Außenministerin verstrickt in Ägypten
In Frankreich ist die Außenpolitik seit jeher die Domäne des Präsidenten. Das musste auch Ex-Außenminister Bernard Kouchner leidvoll erfahren, der sich am Ende seiner Amtszeit nur noch auf Nebenschauplätzen tummeln durfte. So wurde die spektakuläre Aussöhnung zwischen Frankreich und Ruanda etwa von Präsidentenberater Henri Guaino eingefädelt.
Wer mit der Ankunft von Alliot-Marie auf eine starke Außenministerin gehofft hatte, wurde bald enttäuscht. Erst kam heraus, dass die Ministerin in Tunesien Urlaub gemacht hatte, als die Polizei bereits auf Demonstranten schoss und sich dabei von einem Vertrauten Ben Alis zu Flügen hatte einladen lassen. Später wurde bekannt, dass ihre hochbetagten Eltern mit demselben Geschäftsmann ein Immobiliengeschäft unterzeichneten. Das Appartement mit Meeresblick dürfte auf längere Sicht wohl eher für die Ministerin bestimmt sein, munkelt das Enthüllungsblatt "Le Canard Enchaîné".
Fakt ist, dass die Ministerin sich seit dieser Nummer keine Äußerungen mehr zur Lage in Tunesien erlauben kann.

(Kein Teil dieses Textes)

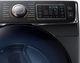 Samsung 7.5 Cu. Ft. Black Stainless Steel Front Load Electric Dryer-1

Den ersten Ministerbesuch bei der neuen Regierung musste deswegen Wirtschaftsministerin Christine Lagarde übernehmen.
Präsident fordert Sanktionen für Libyen
Und zur Lage in Libyen äußert der Präsident sich lieber gleich selbst. Nachdem Frankreich zwei Revolutionen mehr oder weniger verpasst hat, macht Sarkozy im Fall von Libyen jetzt Druck und fordert großmundig die EU-Partner zu Sanktionen auf.

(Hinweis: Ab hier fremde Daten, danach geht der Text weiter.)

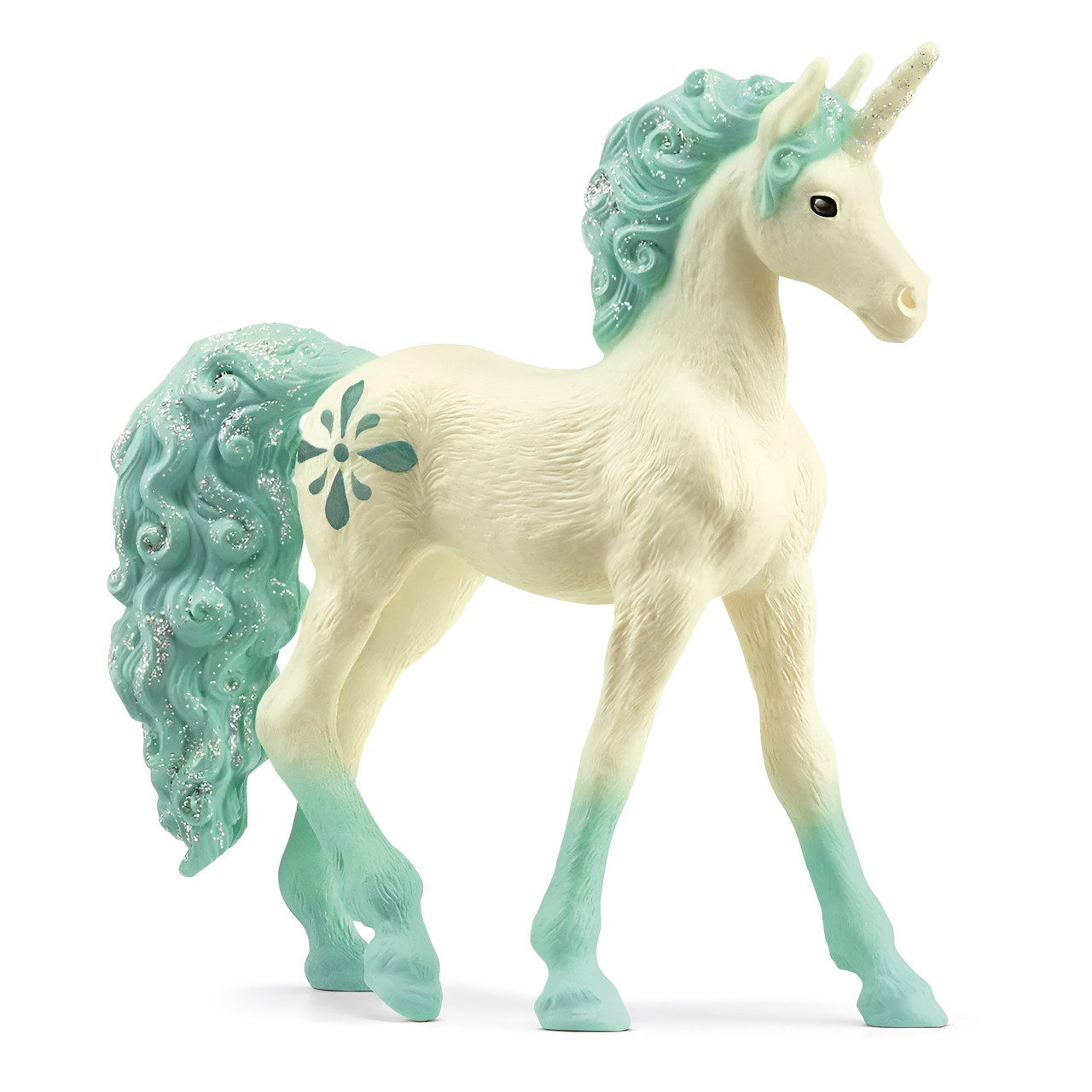 Schleich - Unicorn Crystals S5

Seine Kritik an Libyens Diktator Muammar al-Gaddafi klingt allerdings hohl vor dem Hintergrund, dass Gaddafi noch 2007 mit allem Pomp zu einem fünftägigen Besuch in Paris empfangen worden war. Damals ging es um Geschäfte in Höhe von zehn Milliarden Euro, unter ihnen auch Rüstungsgeschäfte. Heute lässt Gaddafi seine Schergen auch mit Waffen aus französischer Produktion auf das eigene Volk feuern.